Lala sudah berkali-kali mengganti posisi tangannya supaya tidak kelelahan, tetapi ternyata Papa semakin lama justru tampak semakin kebingungan hingga akhirnya ia berhenti.
"Aneh." Ia bergumam sendiri. "Ini tak seperti biasanya. Apa karena aku bukan lulusan bidang Elektro? Tapi, biasanya aku tetap bisa mengatasinya, kok ...."
Lala memandangi papanya bimbang, dan tak lama sang ayah melihatnya.
"Papa tidak bisa membuat listriknya menyala lagi, Lala." Kemudian, pria itu memasang pose dengan lagak berpikir. "Kira-kira kenapa, ya?"
Anak gadisnya menyoroti bagian setengah wajah sang ayah, menampakkan kesan tampilan yang aneh. "Lala penasaran juga?"
Wajah Lala agak sedikit antusias. Ia mengangguk.
"Lala, kan, anak pintar. Coba pikirkan bersama Papa kenapa hal seperti ini bisa terjadi?"
Kedua anak-ayah itu sama-sama memasang pose berpikir lagi. Pemadaman bergilir? Tidak mungkin, karena pengganti tenaga listrik di rumahnya akan langsung hidup jika lampu padam, bahkan bisa tak perlu ada jeda untuk beralih ke genset. Apa tiba-tiba tegangan listrik di tempatnya naik? Tidak. Belakangan ini tidak ada hujan apalagi badai petir, dan menurutnya tidak ada kemungkinan besar lain yang mendukung kalau tegangannya akan naik ... atau jangan-jangan turun? Tetapi, karena apa? Atau ada hal lain?
"Hm." Pria itu berdiri. "Lala, ikut papa ke luar, yuk."
Lala segera berdiri dan mereka berdua berjalan ke luar ruangan, menaiki tangga menuju lantai utama rumah, melewati ruang keluarga hingga sampai di halaman belakang. Pria itu meraih kursi terdekat, lalu berdiri di atasnya. Mukanya kini menghadap sebuah meteran listrik berbentuk minimalis yang disediakan berbagai tombol selain dari angka satu hingga sembilan—dan juga pagar. Ia mengingat-ingat dengan pasti cara mengoperasikan benda itu dengan baik—kalau salah bisa-bisa hal yang gawat akan semakin terjadi.

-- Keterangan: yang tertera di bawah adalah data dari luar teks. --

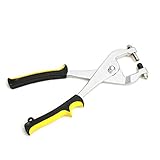 Stanzlochzange ermöglichen eine einfache, onehanded Betrieb und die Arbeitseffizienz verbessern.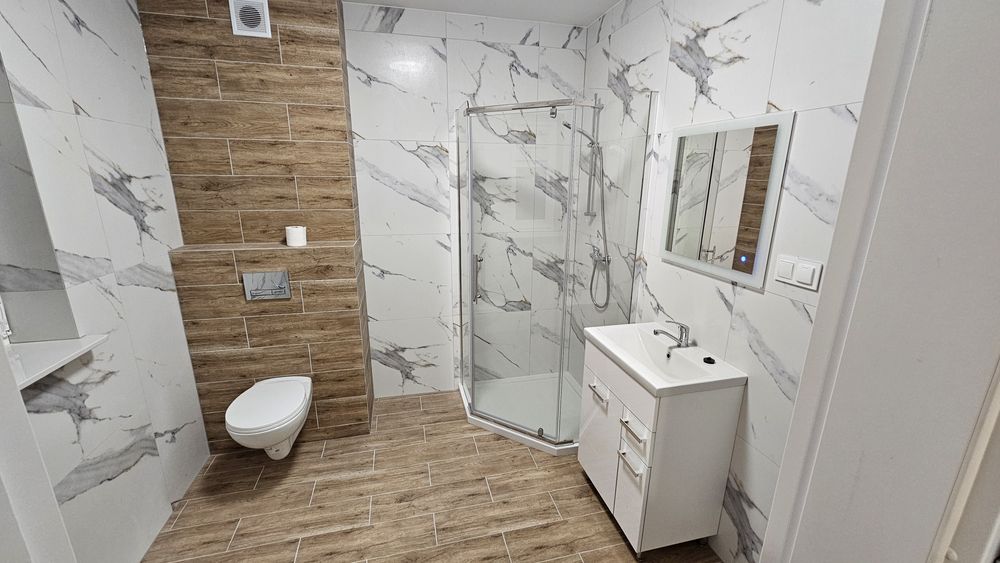 Mieszkanie M1 Powstańców Wielkopolskich 19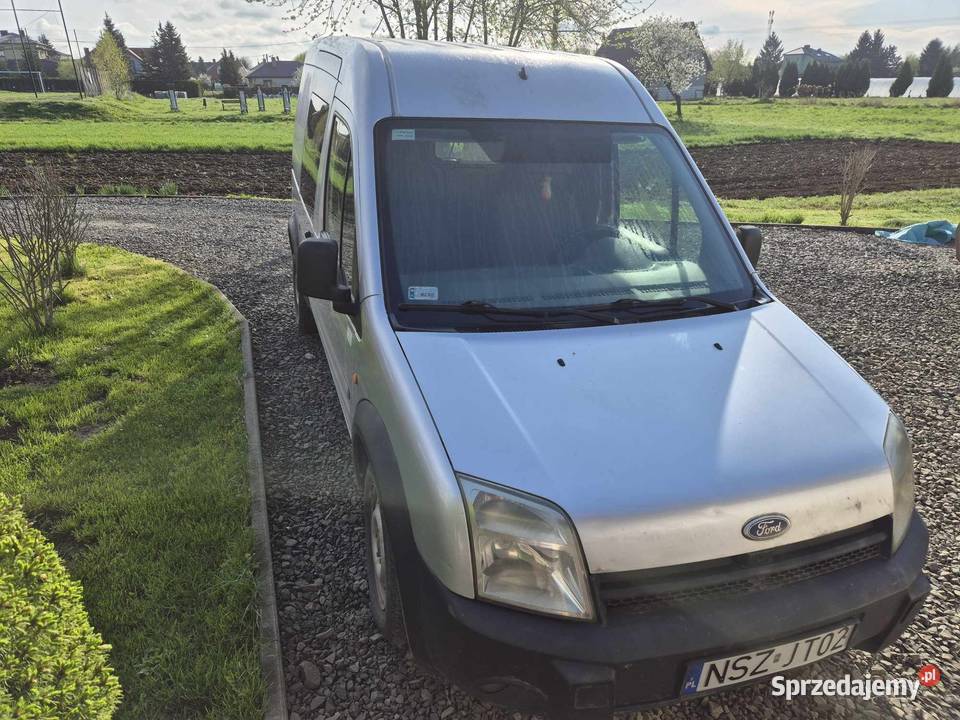 Ford Transit Connect Jasło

Lala kembali memandangi kegiatan ayahnya itu dalam waktu yang cukup lama sampai suara sapaan seseorang pun terdengar. "Mama pulang!"

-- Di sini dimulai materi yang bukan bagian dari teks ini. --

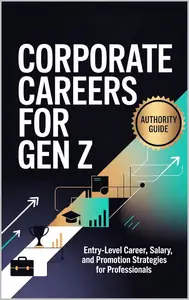 Corporate Careers for Gen Z: Entry-Level Career, Salary, and Promotion Strategies for Professionals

Beberapa saat kemudian, sosok wanita muda pun muncul di hadapan mereka berdua lantaran mungkin tidak ada yang menyambut. Ia menatap suaminya yang masih sibuk dengan tombol di meteran. "Listrik mati?"

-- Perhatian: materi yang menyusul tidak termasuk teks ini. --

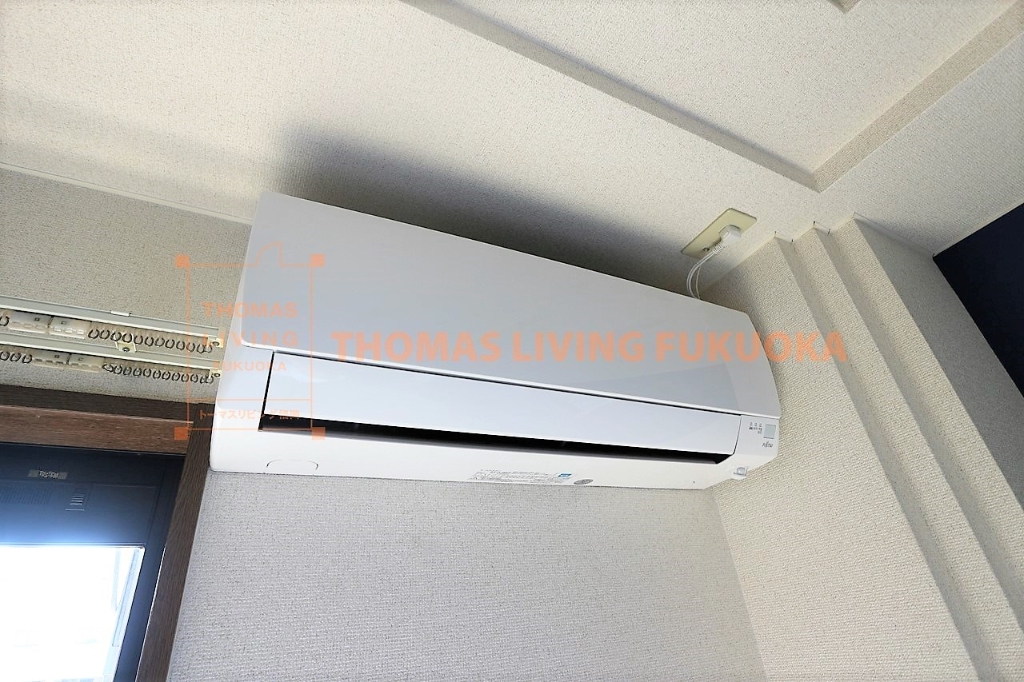 その他設備　エアコンも有ります。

"Iya, aku tadi lagi di bawah. Aku sudah coba pasang ulang sirkuit di bawah karena ruangan bawah juga jadi pembatas alirannya selain memakai daya terbesar juga, tetapi ...."
Wanita itu masih menatap lelaki di hadapannya sesaat.
"Boleh kulihat?" tanyanya ketika sang suami berhenti menekan tombol. Lelaki itu pun turun, dan istrinya menggantikan posisi sembari mengatur tinggi kursi pinjakan. Pria itu tetap membiarkannya meski tahu kalau istrinya tidak mengerti apa-apa soal 'mengutak-atik barang'. Sang istri lebih tampak mencari fitur lain untuk ia gunakan.
Suara 'klik' kemudian terdengar dan seketika lampu ruangan menyala.
"Pembatas arusnya," katanya menoleh pada dua orang di bawahnya. Mama Lala lantas turun dan berlalu ke ruang lain begitu saja.
Papa Lala memijit pelipisnya sambil menutup muka. Tak begitu lama menunggu sebuah ucapan keluar dari mulutnya.
"Ayah tidak teliti, La." Kata yang paling anti ia dengar.